Je retrouve Lindigo, qui en a profité pour me parler de son nouvel album quelques heures avant son concert mémorable, dans un esprit roots, dans la Salle Verte. Biga*Ranx a également profité de ce cadre idéal pour évoquer ses souvenirs avant son passage sur la scène Poudrière le dimanche. Nous naviguons entre le concert d’ IAM et la spectaculaire performance d’Aurus sur la scène Salahin, pour découvrir qu’une des portes des toilettes donne accès à un dancefloor secret, animé par les sets de DJ pendant ces trois soirs.
Nous découvrons la poésie nu-soul créole de l’artiste Natie sur la scène Filaos, en passant par la scène VIP avec un mix pointu du mauricien Avneesh, tête pensante du collectif Babani. Une vingtaine d’artistes par soir, tous les continents représentés et une pluralité de styles musicaux, mettent particulièrement en valeur les artistes de La Réunion et de l’Océan Indien. Le Sakifo propose une vision de l’humanité et de la culture essentielle, un festival au carrefour des identités culturelles et des métissages, qui donne lieu à de nouvelles façons de croiser les mondes musicaux, de sauvegarder les matrimoines et patrimoines, et de penser les musiques de demain. Avant de terminer la soirée en buvant un ti-punch lors du coutumier kabar maloya de la Salle Verte, Jérôme Galabert, fondateur du festival, s’est confié sur cet anniversaire qui restera indélébile.

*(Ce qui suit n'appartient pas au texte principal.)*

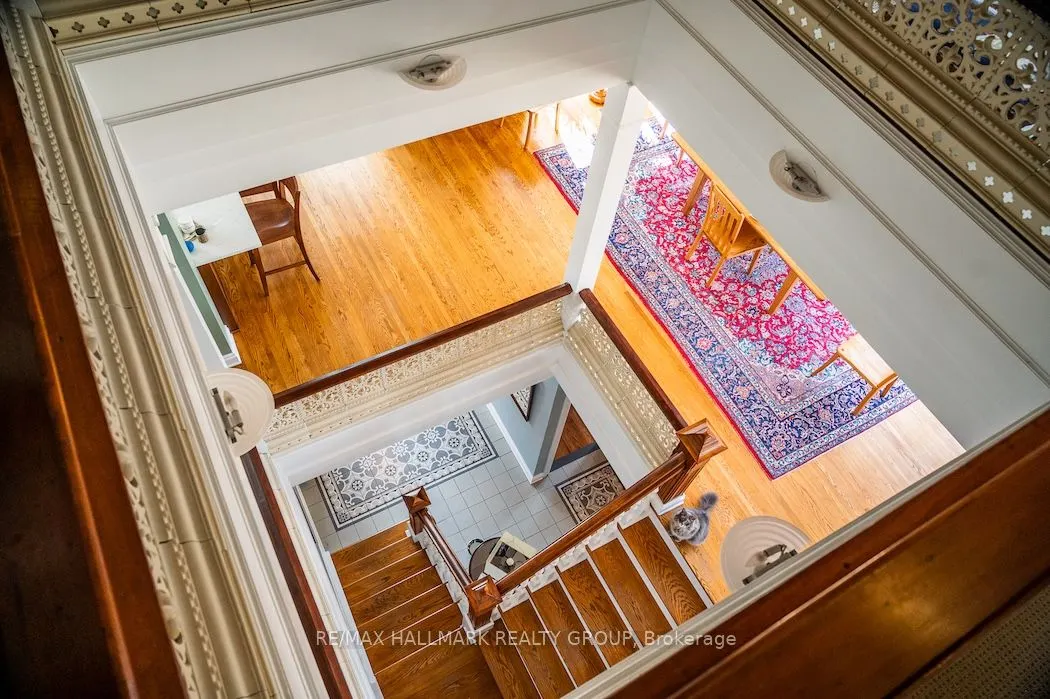 53 Scrivens Street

Vingt ans d’échanges, de concerts, de rencontres et de souvenirs pour ce festival indispensable sur l’île de La Réunion. Ma troisième expérience avec le Sakifo fut marquante, avec encore beaucoup d’émotions avant de dire au revoir à toutes ces belles personnes, le temps d’une baignade, et de retrouver ce festival au plus vite.
Nartrouv’ IOMMa et Sakifo !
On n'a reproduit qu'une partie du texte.